- Stream from camera, cropped vertically (portrait)
- Stream from desktop/window
- Scaled down stream for all participants
- Scaled up stream for talking participants
- Two talking participants side-by-side with upscaled stream
- Audio mixer&autolevel
- Hotkey to turn audio and video on/off
- Display FFT of audio for visualisation
- Audio biquad filters, e.g. notch, to improve bad sound quality
- Push to talk, hotkeys for everything
- Hotkey for cut mark + keyframe
- Local recording with higher res/audio quality for presenter
- Allow multiple devices (cameras, mics) for one participant (Akira Kurosawa
setup), no own audio in backchannel
- Bonus points if multiple participants in the same room can be identified (e.g. send a short chirp out, and check for it in other audio streams)
- Templates for nice presentation recording
- Set a logo for the talk
- Have a countdown clock for talk slots
- Share slides directly (slides in Markdown)
- Subtitles as option for slides (possibly multiple languages)
- Translated audio tracks to select from (for bigger conferences)
- Rooms for small-group side conversation
- Moderator side channel to presenter/participants
- Try connections to different participants and take best one
- Mix additional audio sources (background music, desktop sounds, claps/laughers)
- Spatial audio (different participants from different directions)
These are “nice to have” features with some caveats.
- Recognize eyes and move them upwards so that it looks like the participant is looking at you (instead of downwards)
While the network itself is peer to peer, the roles in a video conference have a central point, the moderator. The moderator collects the streams that are created at the endpoints, mixes them, and distributes the result to everybody.
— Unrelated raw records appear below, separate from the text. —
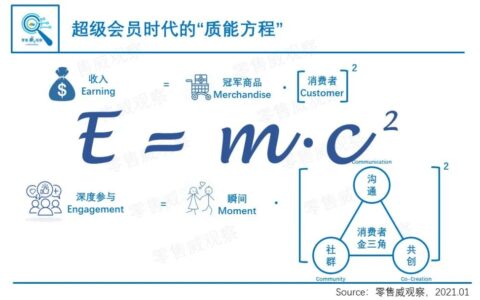 私域生态中的“消费者共创”：超级用户如何让Lego重焕生机｜王子威@零售威观察
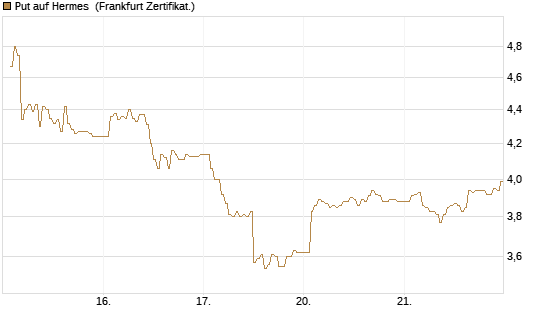 Put auf Hermes [DZ BANK AG] Chart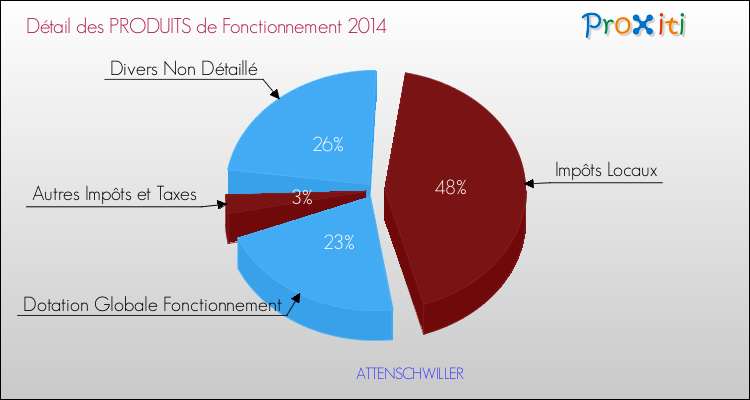 Décomposition du Budget de Fonctionnement 2014 de la commune de ATTENSCHWILLER Budget de Fonctionnement 2014 pour la commune de ATTENSCHWILLER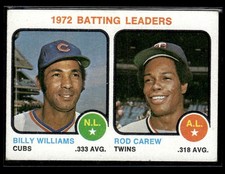 1973 Topps 1972 Batting Leaders (Billy Williams / Rod Carew) #61
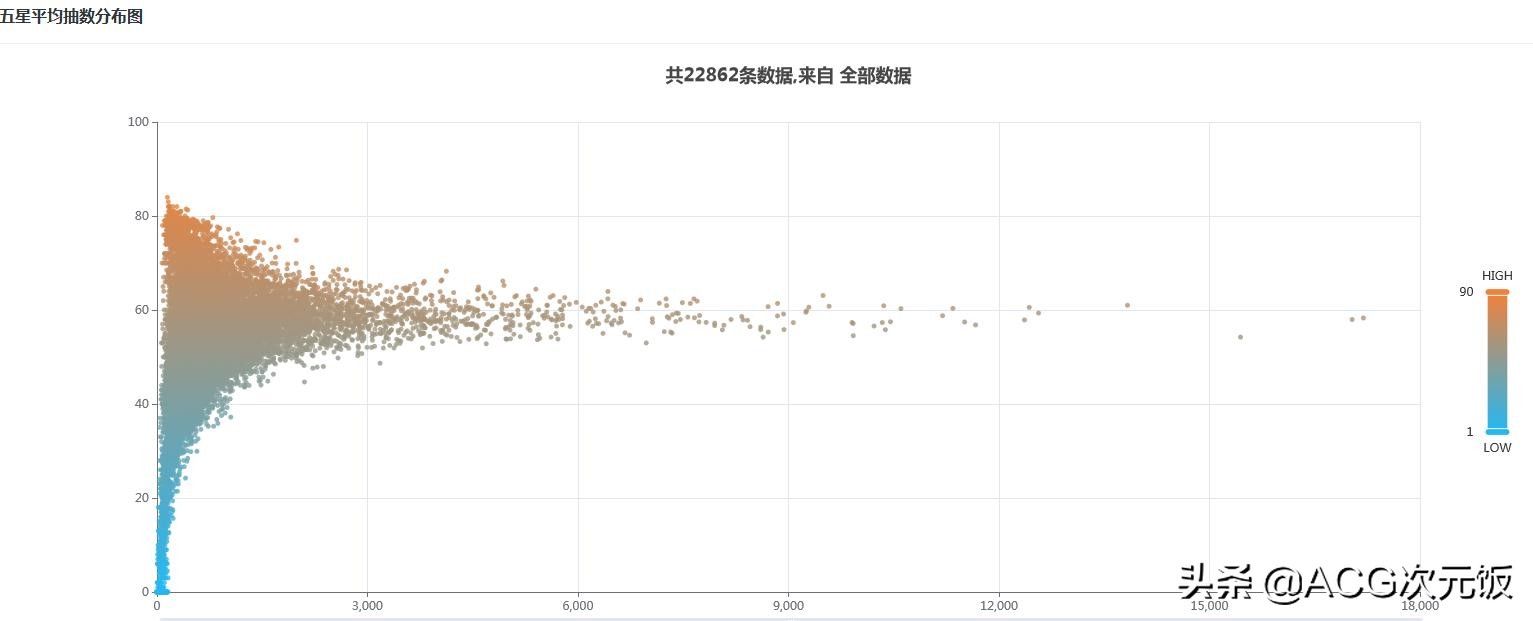 氪金量|原神玩家统计五星概率，2万多玩家上传数据，稳定在60抽左右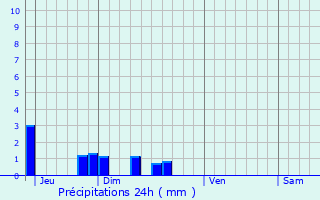 Graphique des précipitations prvues pour Neuvillette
This is easy when the central instance is a well connected server. With a p2p network, you have to distribute the load of both collecting the data and distributing it, but the central point of control (the moderator) remains.
net2o's basic paradigm is that of storage objects, so every object (file) has a hash, and sending participants can authenticate objects with a signature. Life streaming however means new information is added on the fly.
Participants send metadata information on every update: (size, hash) for every object, and a signature for all objects.
A complete video stream consists of several objects:
- Audio index (one index block per second, one data size per packet)
- Audio data (Opus encoded data)
- Video index (one index block per second, one data size per packet)
- Video data (h.264/h.265/vp8/vp9/av1 depending on what's available for the hardware encoder)
- Metadata index (timestamp:type:size)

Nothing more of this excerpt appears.